Background information
- Born: 1 December 1946 Litoměřice, Czechoslovakia
- Education: Vienna Academy of Music
- Years active: 1965–present
- Award: Echo Klassik (2012)

= Rudolf Buchbinder =

Austrian classical pianist

Rudolf Buchbinder (born 1 December 1946) is an Austrian classical pianist. Trained at the Vienna Academy of Music, he has performed internationally as a soloist and with the Vienna Philharmonic. He is best known for his comprehensive recordings of Haydn, Mozart, and Beethoven.

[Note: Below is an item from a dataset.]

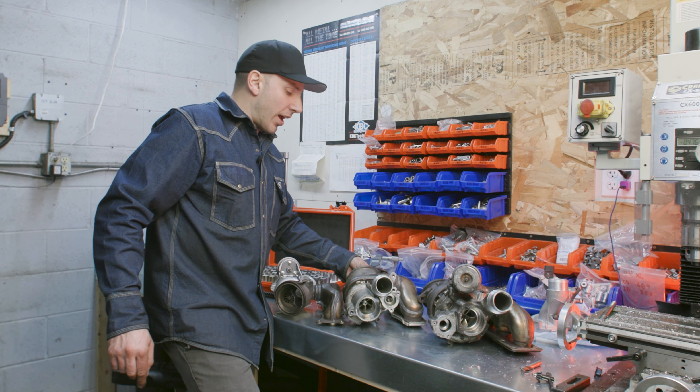Now we'll jump down to the four-cylinder N20. The X1 and X3s use this N20 engine code. There's an electronic model wastegate actuator and there's a pneumatic model — two different models. They both are prone to the rattle.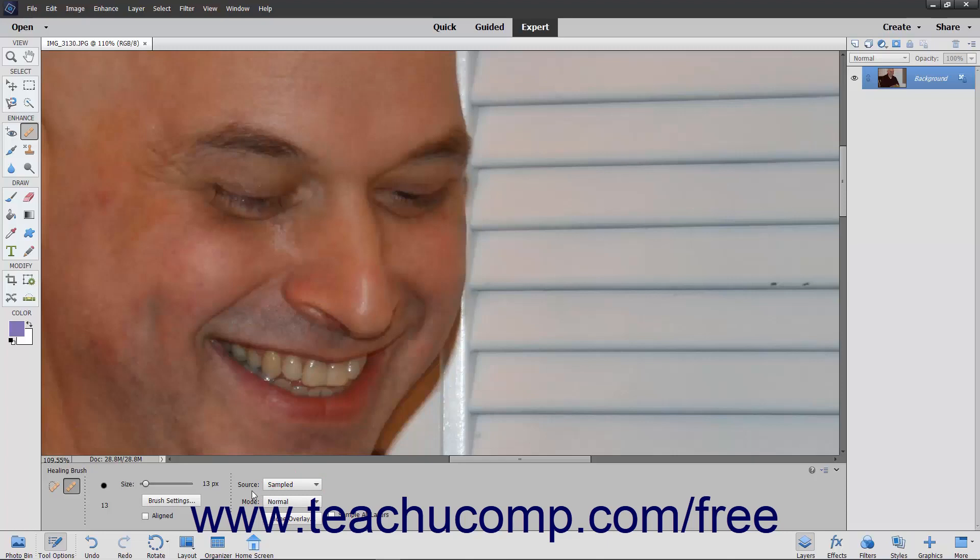Next, hold down the Alt key on your keyboard and click the area that you want to use as the reference point for the pixels that you want to copy to another location. Then release the Alt key. Next, click and drag with the tool in the area to which you want to copy the pixels that you clicked. As you click and drag, you will copy the pixels from the selected area to the new area.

He is the founder and artistic director of the International Music Festival in Grafenegg Castle since 2007. He was awarded the Echo Klassik award for Instrumentalist of the Year in 2012 and became an honorary member of the Vienna Philharmonic in 2016.

==Biography==
Buchbinder was born in Litoměřice (German: Leitmeritz), a town in northern Bohemia, then part of postwar Czechoslovakia, in 1946. His mother was from Vienna and had traveled there to settle paperwork after the death of her first husband, who was from Leitmeritz. They returned to Vienna in 1947, and he lived with his mother, grandmother, and half-brother Klaus in a small apartment in Vienna's 7th district.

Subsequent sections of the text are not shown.